Scraped caption text data:

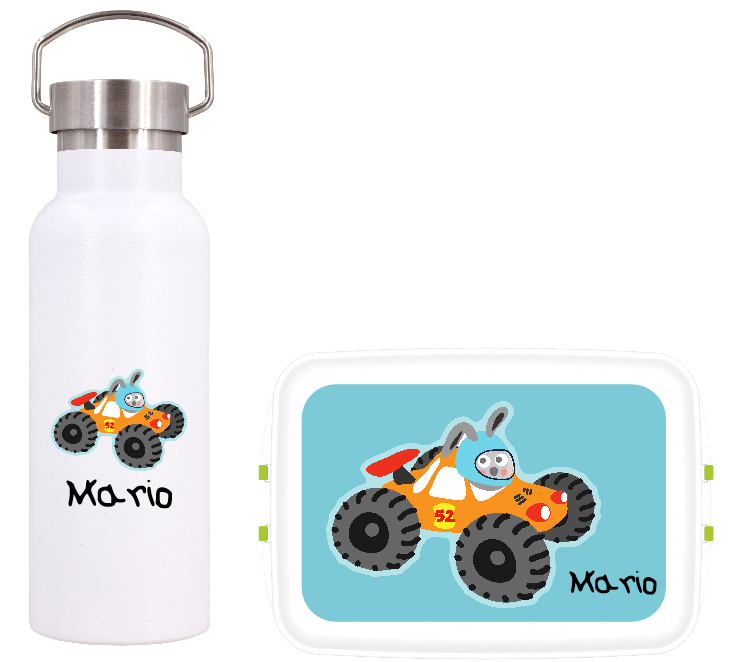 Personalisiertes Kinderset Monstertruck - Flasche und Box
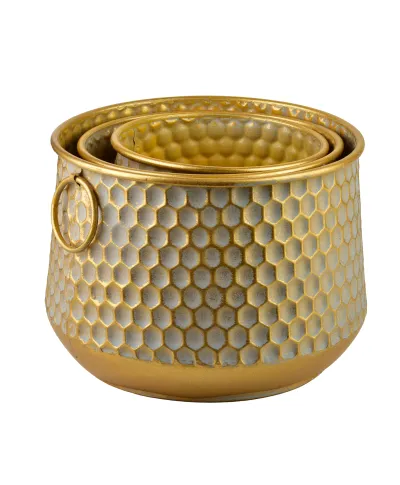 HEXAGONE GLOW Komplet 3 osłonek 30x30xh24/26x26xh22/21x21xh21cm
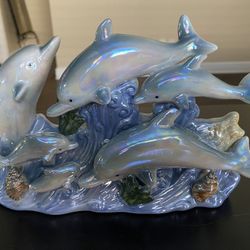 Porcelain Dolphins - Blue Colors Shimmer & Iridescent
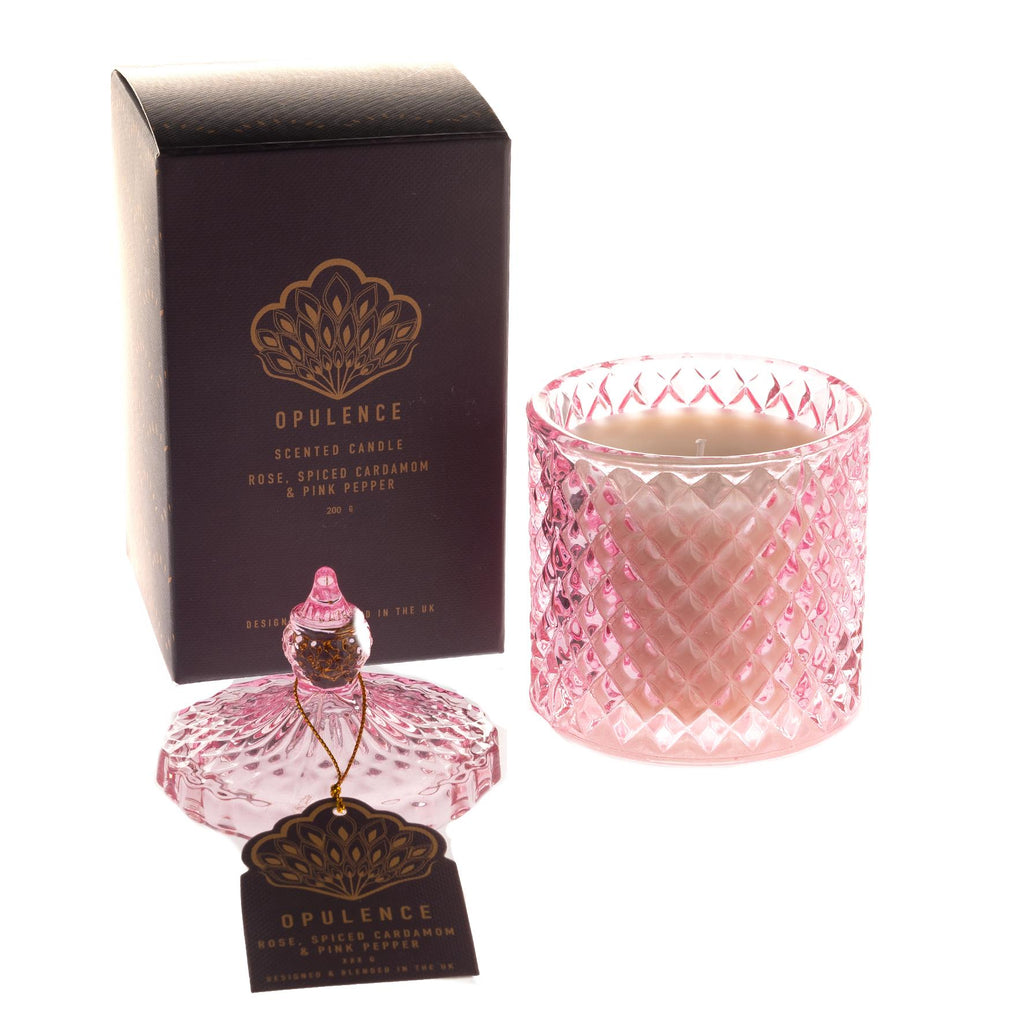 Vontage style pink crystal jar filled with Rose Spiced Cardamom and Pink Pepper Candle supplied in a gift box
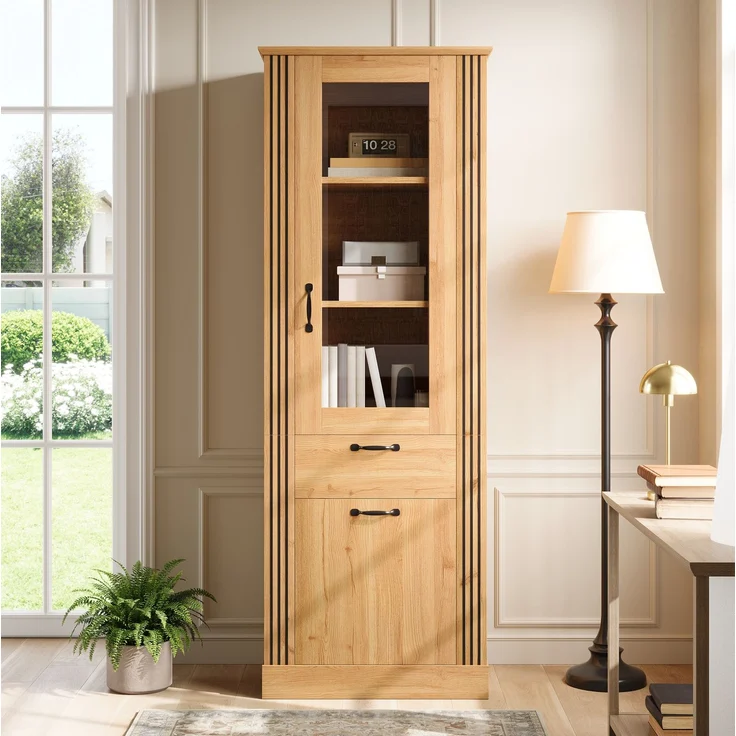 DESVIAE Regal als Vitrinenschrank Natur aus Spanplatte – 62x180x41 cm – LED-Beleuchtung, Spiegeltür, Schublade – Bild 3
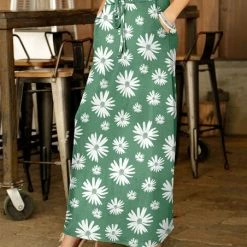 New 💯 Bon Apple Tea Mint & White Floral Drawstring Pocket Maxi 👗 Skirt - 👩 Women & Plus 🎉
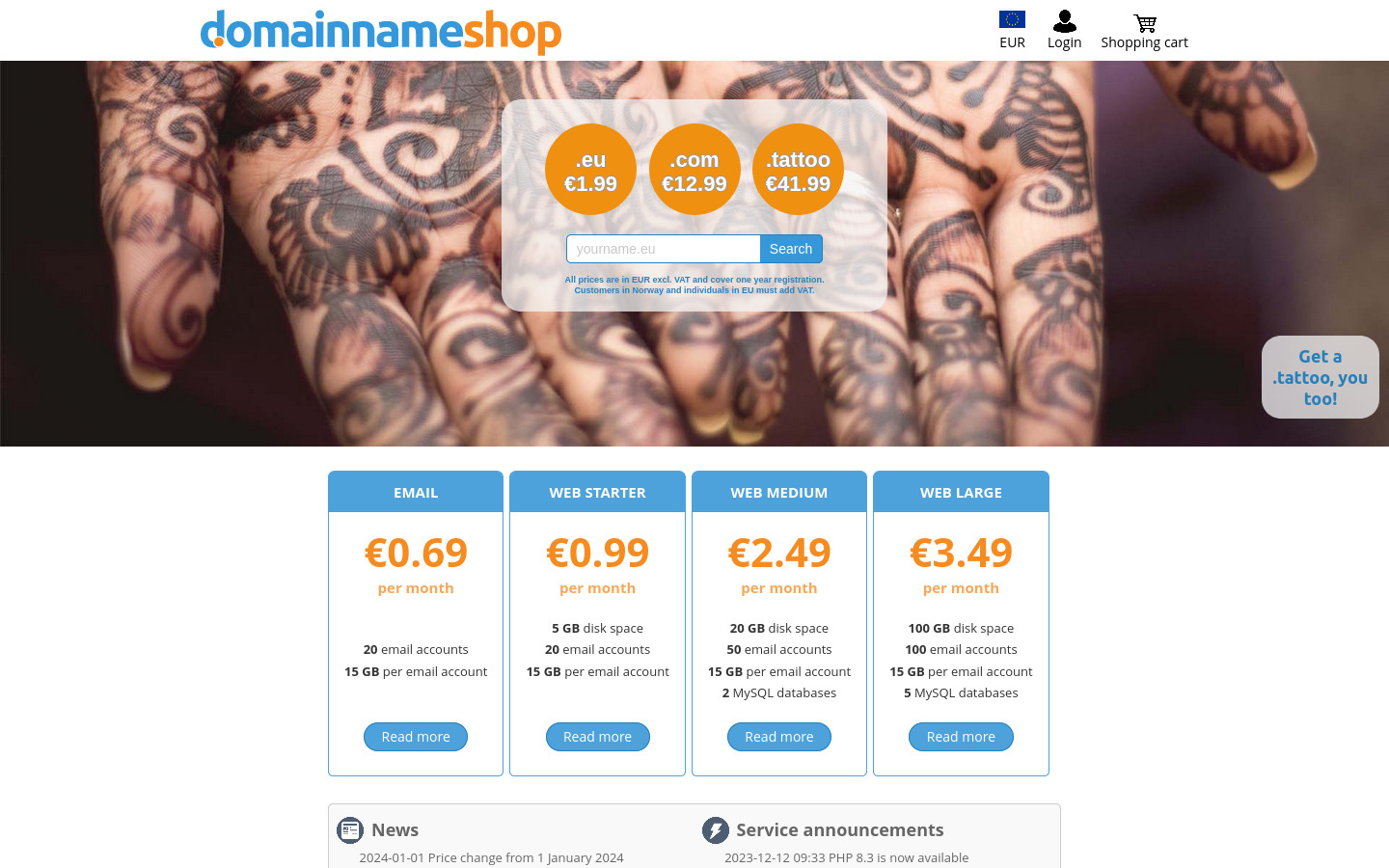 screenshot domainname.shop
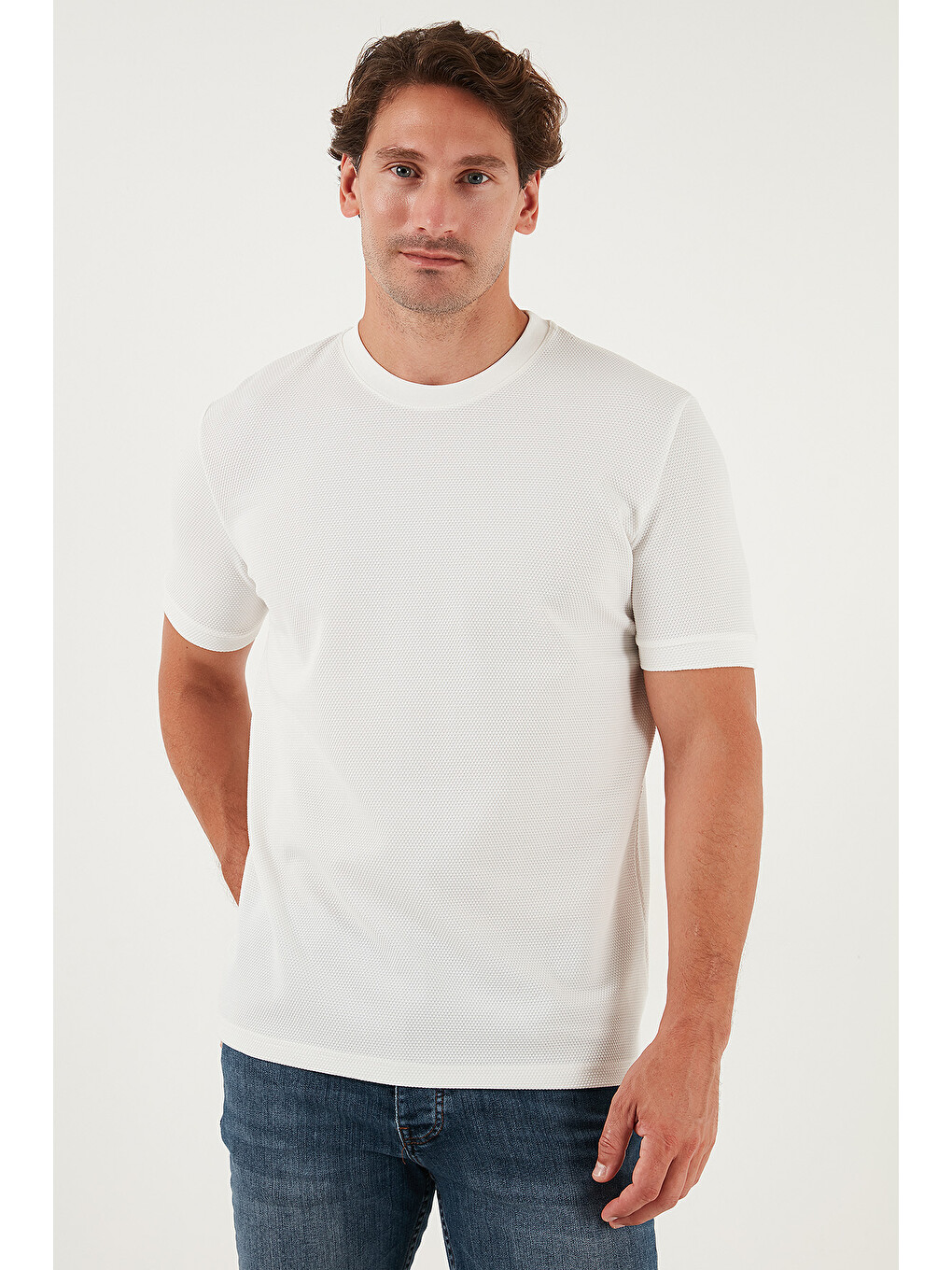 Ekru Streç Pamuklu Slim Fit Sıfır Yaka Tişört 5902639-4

=== Work instructions ===
Repeat the data word for word, minus any pictures.

=== Solution ===
 Personalisiertes Kinderset Monstertruck - Flasche und Box
 HEXAGONE GLOW Komplet 3 osłonek 30x30xh24/26x26xh22/21x21xh21cm
 Porcelain Dolphins - Blue Colors Shimmer & Iridescent
 Vontage style pink crystal jar filled with Rose Spiced Cardamom and Pink Pepper Candle supplied in a gift box
 DESVIAE Regal als Vitrinenschrank Natur aus Spanplatte – 62x180x41 cm – LED-Beleuchtung, Spiegeltür, Schublade – Bild 3
 New 💯 Bon Apple Tea Mint & White Floral Drawstring Pocket Maxi 👗 Skirt - 👩 Women & Plus 🎉
 screenshot domainname.shop
 Ekru Streç Pamuklu Slim Fit Sıfır Yaka Tişört 5902639-4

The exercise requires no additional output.